Ebbene il Bossi svizzero ha subito esordito con una dichiarazione distensiva e rassicurante: “chiudiamo i valichi per tre giorni”. Che tradotto dal ticinese significa: impediamo l’entrata ai quasi cinquantamila italiani che vengono ogni giorno a lavorare a casa nostra. È una ricetta contro la disoccupazione, dei ticinesi ovviamente, non degli italiani. In effetti, tanti compatrioti (nostri, non di Bignasca) i cosidetti “frontalieri” (che sembra un nome da cyborg spietati in un film di fantascienza: “attenti, arrivano i frontalieri!”) lavorano oltre Chiasso e sono giustamente pagati con stipendi svizzeri. Questi stipendi pare che siano più alti di quelli nostrani, cosa non strana dato che la vita in Svizzera costa circa il doppio che da noi. Ma il problema è che questi compatrioti (sempre nostri, non di Bignasca) spendono i loro lauti stipendi in territorio italiano perlopiù. Il Made in Swizerland ne risente, l’occupazione indigena (cioè svizzera, non nostra) pure.
E che dire dell’esodo nordafricano in corso? Spaventa mica solo noi, anche Lugano e le altre ridenti località ticinesi. Preso atto del non proprio costruttivo e solidale atteggiamento dei cugini francesi, siamo al si salvi chi può. Ovvero, meglio che questa folla di profughi con forse qualche terrorista nel mucchio rimanga nello Stivale, non attraversi le Alpi. Se la vedano loro (cioè noi) che in queste faccende se la cavano sempre, bene o male. 
Sia chiaro, trattasi di spacconata in pure stile leghista, così per muovere le acque, che siano del Po o del lago di Lugano. Infatti la Confederazione non riconosce ai cantoni, nemmeno a quello Ticinese, la possibilità di intervenire  arbitrariamente su questioni di frontiera. Federalisti sì, ma con giudizio. Spacconate a parte, come minimo la Lega Ticinese vorrebbe dare meno soldi a Roma ladrona, propone che i soldi versati per le tasse dai lavoratori italiani in Svizzera rimangano ancor più sul territorio di confine. Le camicie verdi di casa nostra hanno esultato per l’ottimo risultato elettorale degli amici elvetici, anche se qualche conflitto di interessi c’è, a questo punto. Ad esempio saranno forse elettori leghisti i tanti pendolari che da Sondrio, Como, Varese o Verbania vanno a faticare in territorio svizzero. Non prenderebbero bene una frontiera chiusa, la possibilità di un licenziamento improvviso e motivato da questioni, diciamo, “etniche”.
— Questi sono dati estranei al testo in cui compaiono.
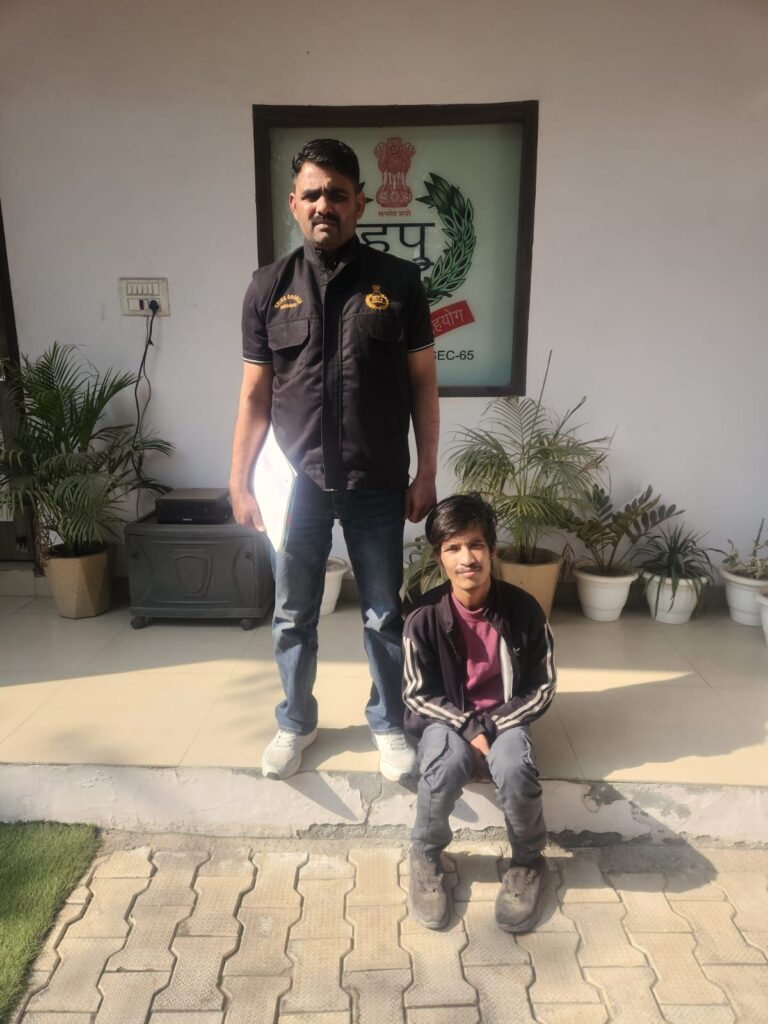 अवैध हथियार के साथ गिरफ्तार आरोपी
Sia mai che si torni alle discriminazioni antiche nei confronti da lavoratori italiani, figuriamoci poi con l’aggravante di esser clandestini. Sia mai che alle porte dei caffè tornino i vergognosi avvisi: “fuori i cani e gli italiani”. Sia mai che i leghisti italiani si sentano terroni rispetto ai compagni nati più a Nord. Altrimenti per capire il fenomeno leghista sarebbe superfluo studiare le opere di ideologi del federalismo come Carlo Cattaneo e Gianfranco Miglio (entrambi, tra l’altro, grandi ammiratori della Svizzera). Fatica sprecata. Basterebbe limitarsi alla saggezza partenopea di Luciano De Crescenzo nei panni del professor Bellavista in un film di tanti anni fa: “Si è sempre meridionali di qualcuno”.